- THE DATA:
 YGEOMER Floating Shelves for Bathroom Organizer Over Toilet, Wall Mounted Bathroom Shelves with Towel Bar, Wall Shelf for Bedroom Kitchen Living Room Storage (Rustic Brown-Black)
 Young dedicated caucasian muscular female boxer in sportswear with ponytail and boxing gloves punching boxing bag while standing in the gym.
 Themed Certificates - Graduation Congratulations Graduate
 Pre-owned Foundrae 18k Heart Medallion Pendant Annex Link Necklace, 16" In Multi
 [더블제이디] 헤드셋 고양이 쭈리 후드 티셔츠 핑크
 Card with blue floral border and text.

* * *

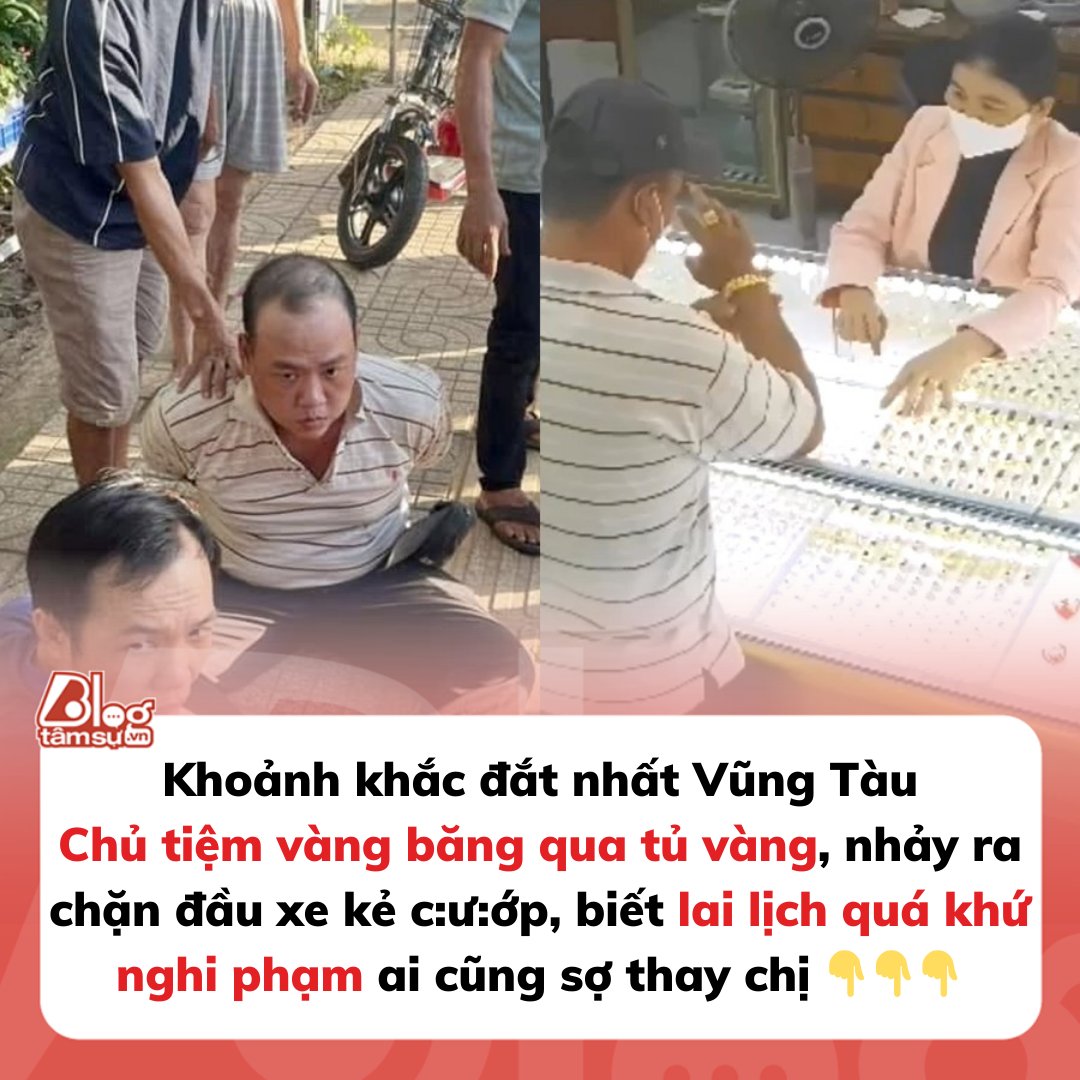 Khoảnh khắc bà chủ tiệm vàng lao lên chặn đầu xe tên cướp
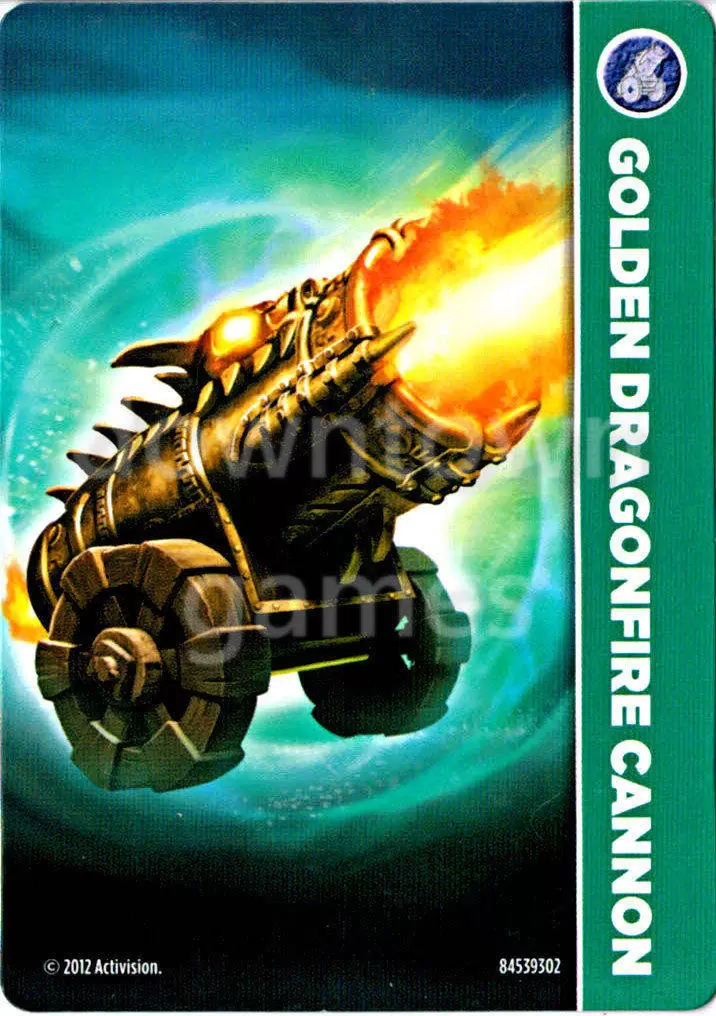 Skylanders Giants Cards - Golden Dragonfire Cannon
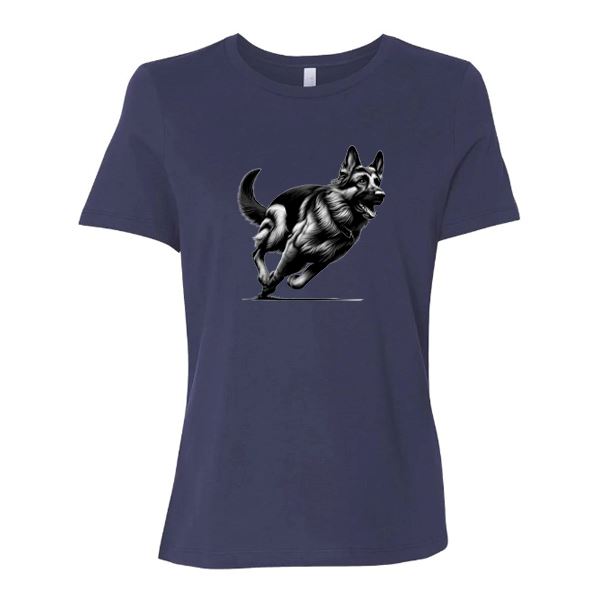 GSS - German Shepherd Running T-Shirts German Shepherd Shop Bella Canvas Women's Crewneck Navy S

--

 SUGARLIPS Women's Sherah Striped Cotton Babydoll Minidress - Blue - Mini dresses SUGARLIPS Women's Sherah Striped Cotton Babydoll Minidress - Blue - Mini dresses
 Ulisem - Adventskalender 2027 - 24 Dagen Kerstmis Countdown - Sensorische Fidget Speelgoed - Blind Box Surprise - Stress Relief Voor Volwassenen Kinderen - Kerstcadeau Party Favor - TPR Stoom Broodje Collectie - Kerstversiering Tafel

- WORK REQUIRED: Please give back exactly the lines of the listing above that run from the one containing "Themed Certificates - Graduation" through the one containing "Card with blue floral border and text.", and only those.

- RESPONSE TO THIS EXERCISE:
 Themed Certificates - Graduation Congratulations Graduate
 Pre-owned Foundrae 18k Heart Medallion Pendant Annex Link Necklace, 16" In Multi
 [더블제이디] 헤드셋 고양이 쭈리 후드 티셔츠 핑크
 Card with blue floral border and text.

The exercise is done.